- _PROVIDED DATA_
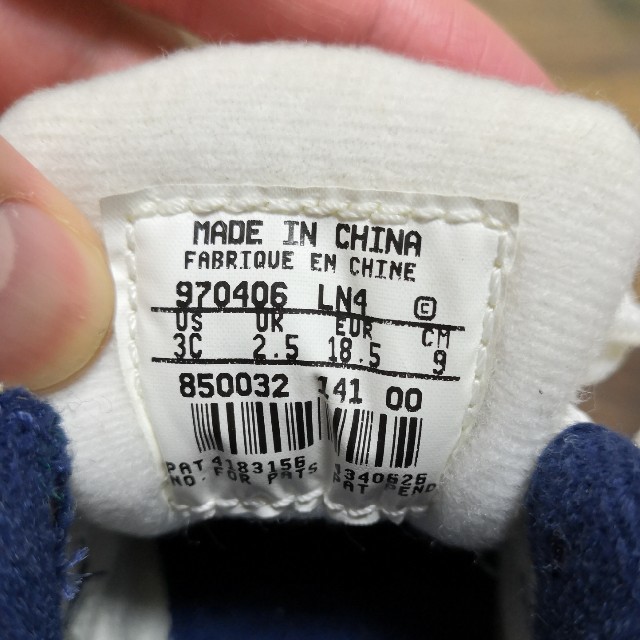 NIKE(ナイキ)のNIKE　靴　幼児 キッズ/ベビー/マタニティのベビー靴/シューズ(~14cm)(スニーカー)の商品写真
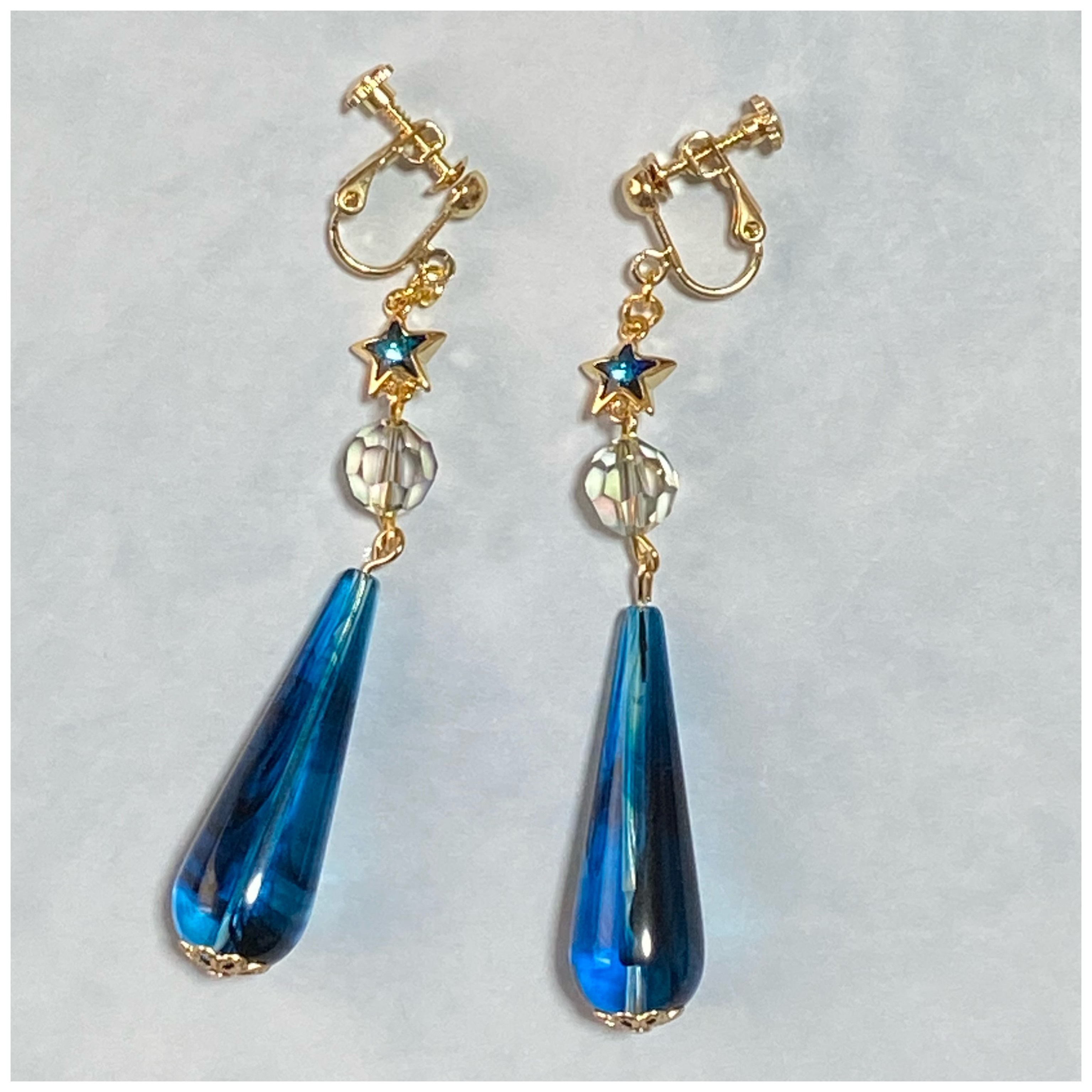 海のしずく☆クリアブルーのロングドロップイヤリング/ピアス  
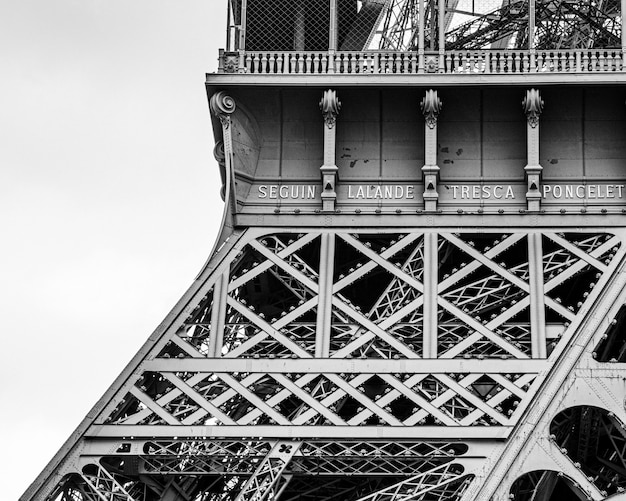 Colpo In Scala Di Grigi Del Primo Piano Della Torre Eiffel A Parigi Francia Foto Gratis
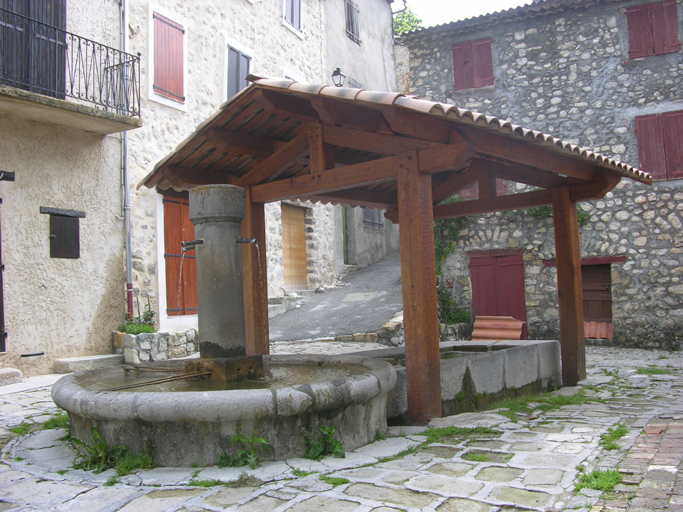 fontaine-lavoir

- _TASK DESCRIPTION_
Would you print the material exactly once more, without any of its pictures?

- _ANSWER BOX_
 NIKE(ナイキ)のNIKE　靴　幼児 キッズ/ベビー/マタニティのベビー靴/シューズ(~14cm)(スニーカー)の商品写真
 海のしずく☆クリアブルーのロングドロップイヤリング/ピアス  
 Colpo In Scala Di Grigi Del Primo Piano Della Torre Eiffel A Parigi Francia Foto Gratis
 fontaine-lavoir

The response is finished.